Stored data:
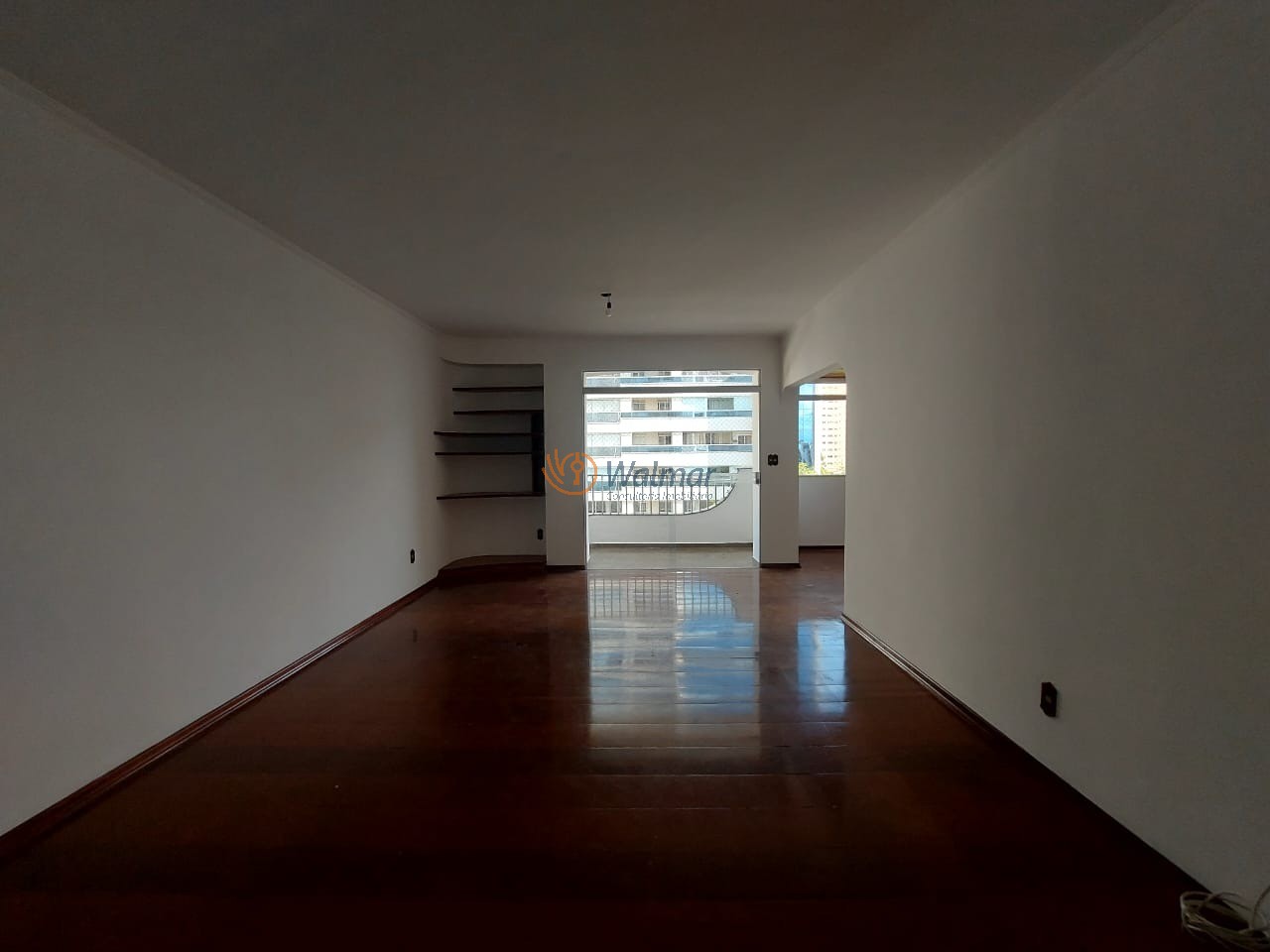Imperdível! Apartamento à venda no Cambuí em Campinas-SP, 3 quartos, 1 suíte, 2 salas, 4 banheiros, 2 vagas, 144,16 m².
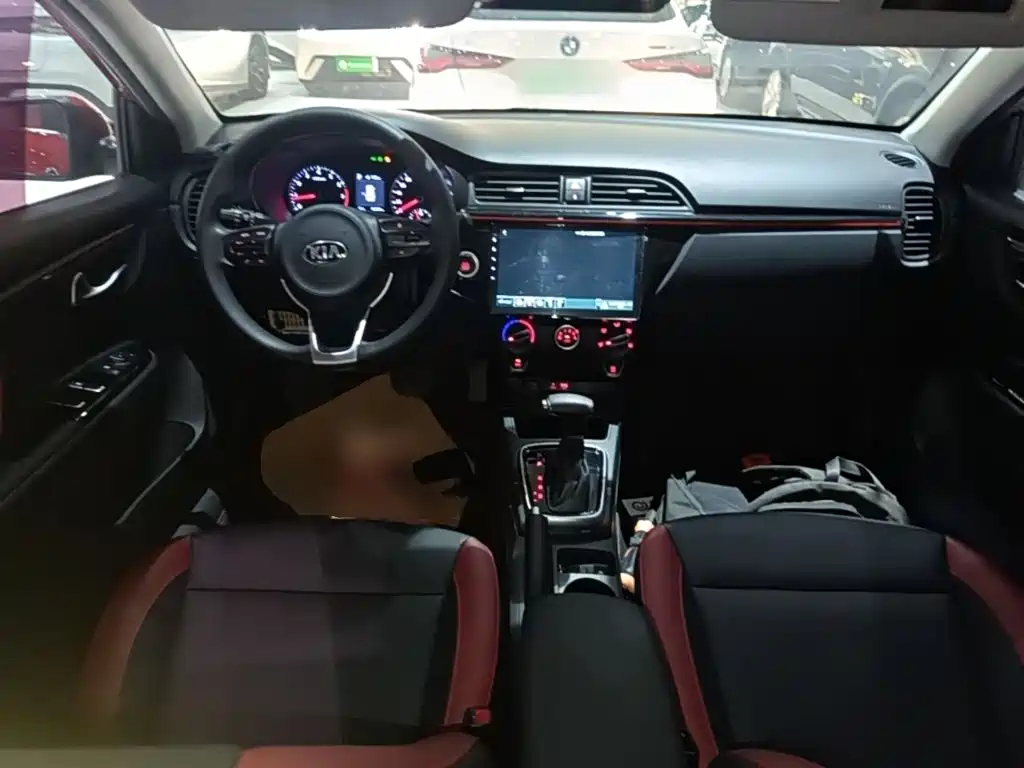 Kia KX Cross 2018 — фото 10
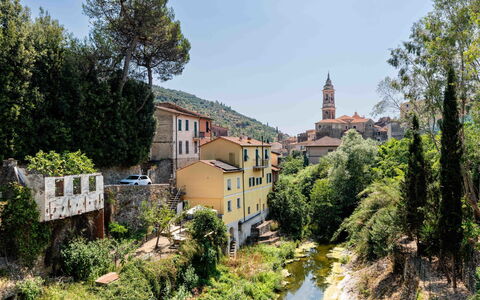 Oliver: Quartiere, Zona Residenziale, Paesaggio, Insediamento Umano, Area Rurale, Villaggio, Sobborgo, Valle, Paesino Di Montagna, Stream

About this exercise:
Could you reproduce all of the material exactly? Keep the pictures out of it.

Response to the task:
Imperdível! Apartamento à venda no Cambuí em Campinas-SP, 3 quartos, 1 suíte, 2 salas, 4 banheiros, 2 vagas, 144,16 m².
 Kia KX Cross 2018 — фото 10
 Oliver: Quartiere, Zona Residenziale, Paesaggio, Insediamento Umano, Area Rurale, Villaggio, Sobborgo, Valle, Paesino Di Montagna, Stream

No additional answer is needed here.